DOMRADIO.DE: "Weil ich hier leben will" ist ein Sammelband, der sich mit der Zukunft des jüdischen Lebens in Deutschland beschäftigt. Wie viel Mut braucht man heute, um sich öffentlich zum Judentum zu bekennen?
Jonas Fegert (Mit-Herausgeber des Sammelbands "Weil ich hier leben will"): Ich weiß gar nicht, ob es so viel Mut braucht, sich öffentlich zum Judentum zu bekennen oder mehr Mut als zu anderen Zeiten. Was es tatsächlich gibt - das versuchen wir in dem Sammelband zu beschreiben - ist eine Vielfalt von jüdischen Leben in Deutschland.
Sie ermöglicht eine andere Art von jüdischem Leben und macht es leichter, jüdisch zu leben.
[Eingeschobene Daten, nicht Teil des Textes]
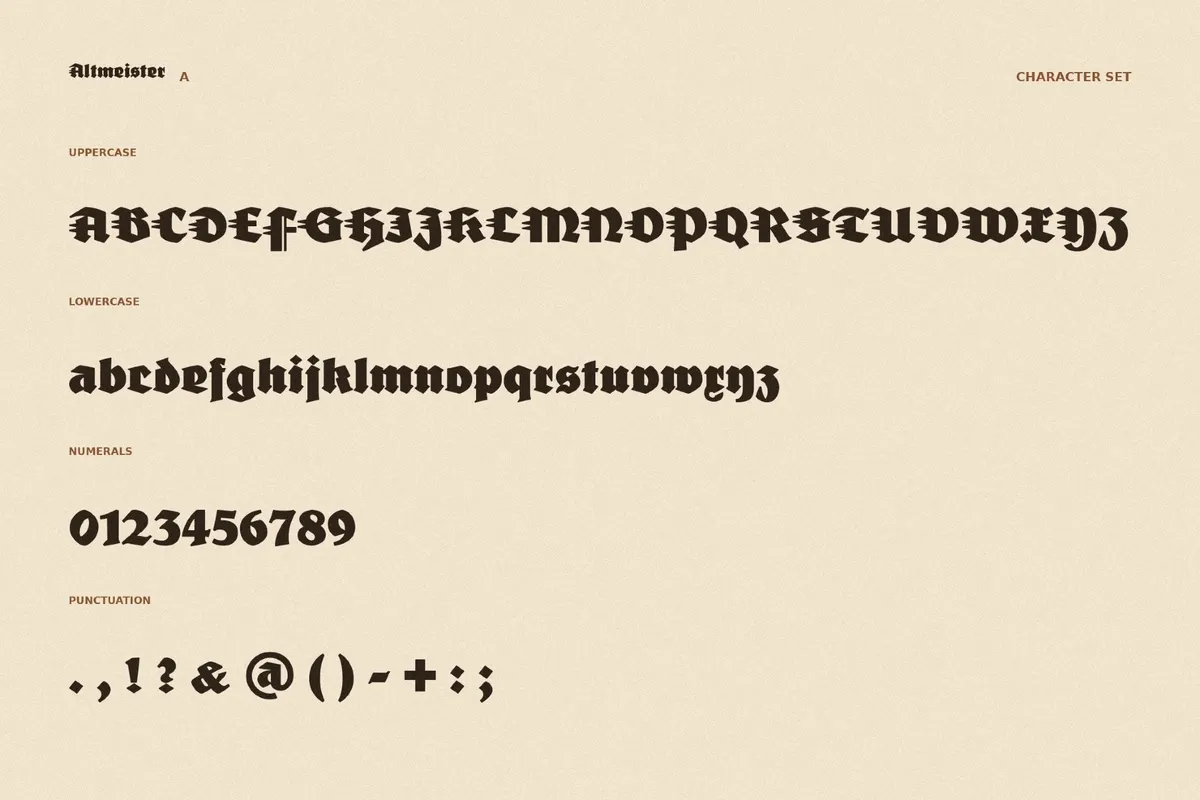 FDI Altmeister Blackletter Font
Klar, es gibt Fälle von Antisemitismus, aber es gab aber auch in der Vergangenheit immer wieder Fälle von Antisemitismus. Die Meldeportale dafür sind besser geworden, und das ist eine große Hilfe für die jüdischen Gemeinden.
DOMRADIO.DE: Sie haben die Vielfalt erwähnt. Es geht auch darum, dass die jüdischen Gemeinden mutiger sein müssten und zwar um diese Vielfalt zuzulassen. Inwiefern?
Fegert: Was wir beschreiben, ist gleichzeitig eine Bestandsaufnahme. Es berichtet auch von der Arbeit des Ernst Ludwig Ehrlich Studienwerks, einem Studienprogramm der jüdischen Gemeinschaft, das es seit fast zehn Jahren gibt. Wir wollten aufzeigen, was durch dieses Stipendienprogramm für eine Vielfalt innerhalb der jüdischen Gemeinde entstanden ist.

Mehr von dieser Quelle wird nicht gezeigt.